Is this a possible tactic to stop the noisier 'deniers'? Allow them to comment freely, but use some self-control and just refuse to engage them. After all, I have little doubt that a large number of them comment and argue the same old bullcrap just for shits and giggles.
Ignore them and they might just get bored and go away, leaving the blogosphere, and, ultimately, the MSM and even politicians to get on with the serious task at hand. They can hardly then complain about being 'censored' from 'warmist blogs', and the alternative "nobody seems to care about my rants" sounds so much more pathetic.
Any chance?

EliRabett said...

Adrian, to a large extent that is the practice at RR and it works. Usually there is a round or two of responses for the lurkers and then Eli and the crew just let them blather.

EliRabett said...

Chris, it's an explanation, not a refutation. The place to start is the figure above. If you blow it up, or go find the originals (one of the links is to the MBH figure), the red noise is much smaller than the observed proxy curve. NO ONE has ever been able to make the red noise curve any bigger. The argument, such as it is, that the original method of analysis used by Mann was subject to such a problem, as indeed it was, but

a) The effect is small compared to the signal
b) After you use a better method the signal remains, pretty much unchanged
c) If you randomly generate red noise records, you only get hockey sticks in very few of them, one of which McIntyre selected
d) If you want more information google "red noise McIntyre magnitude"

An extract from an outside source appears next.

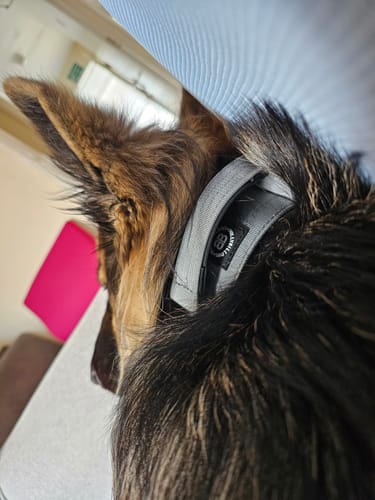 Customer photo review of 5cm Combat® Collar | With Handle & Secure Clip - Metal Grey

At point b McIntyre started trying to falsify the proxys, since the method was no longer a question, but the sheer number of different and different types of proxys showing the same effect of global warming in the past 150 years above anything that had been seen in a thousand years or so defeats him.

You should go to the Wikipedia for explanations of what red noise is, but suffice it to say that observationally, variation in climate parameters can be better understood as red noise rather than random noise, if, for no other reason, that the temperature today, or this month is not going to be anything like the temperature six months from now (in the opposite season), but it is going to be pretty close to yesterday's temperature

S2 said...

I loved his question 24:

"How can any of the sources you contacted be regarded as reliable, when not one of them contacted me to verify whether your characterization of my opinions or conclusions was fair and accurate before commenting thereupon, sometimes in the most uncomplimentary and academically unacceptable terms?"

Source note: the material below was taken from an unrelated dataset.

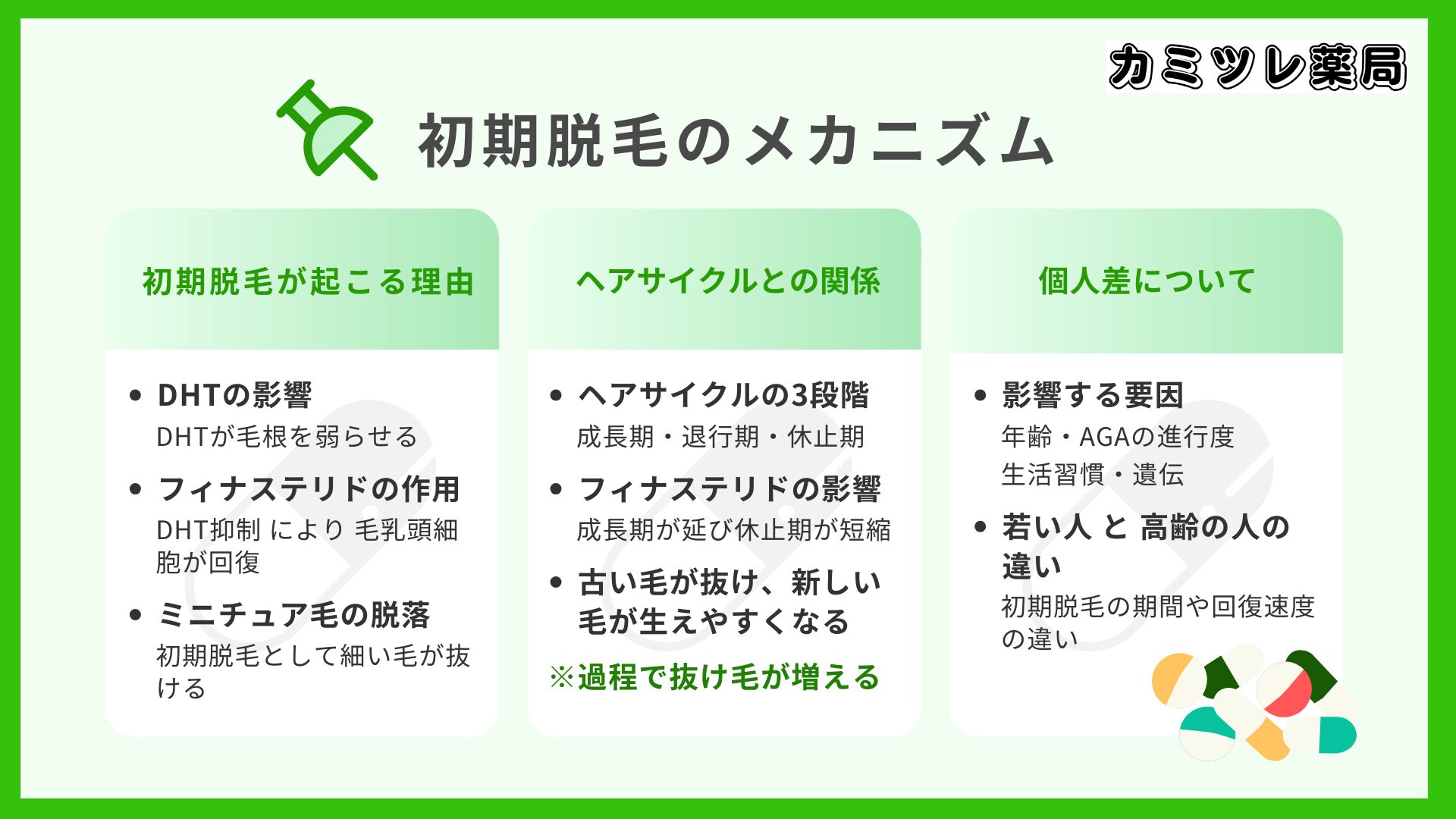 フィナステリドによる初期脱毛のメカニズムの画像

But Abraham's sources were Monckton's sources ....

ChrisD said...

Eli, thank you for the explanation. That is very helpful.

carrot eater said...

Regarding the red noise: I haven't done the math myself, because I'm not a PCA bunny. But I thought you can get the weak hockey stick if you do PCA on a decentered sample with only one PC, but it goes away if you use another, and somebody who knows what they're doing would know to add another. Yes? No?

Speaking of letting them blather, I'm amused by how well the group at JA's ignores the very verbose visitor there.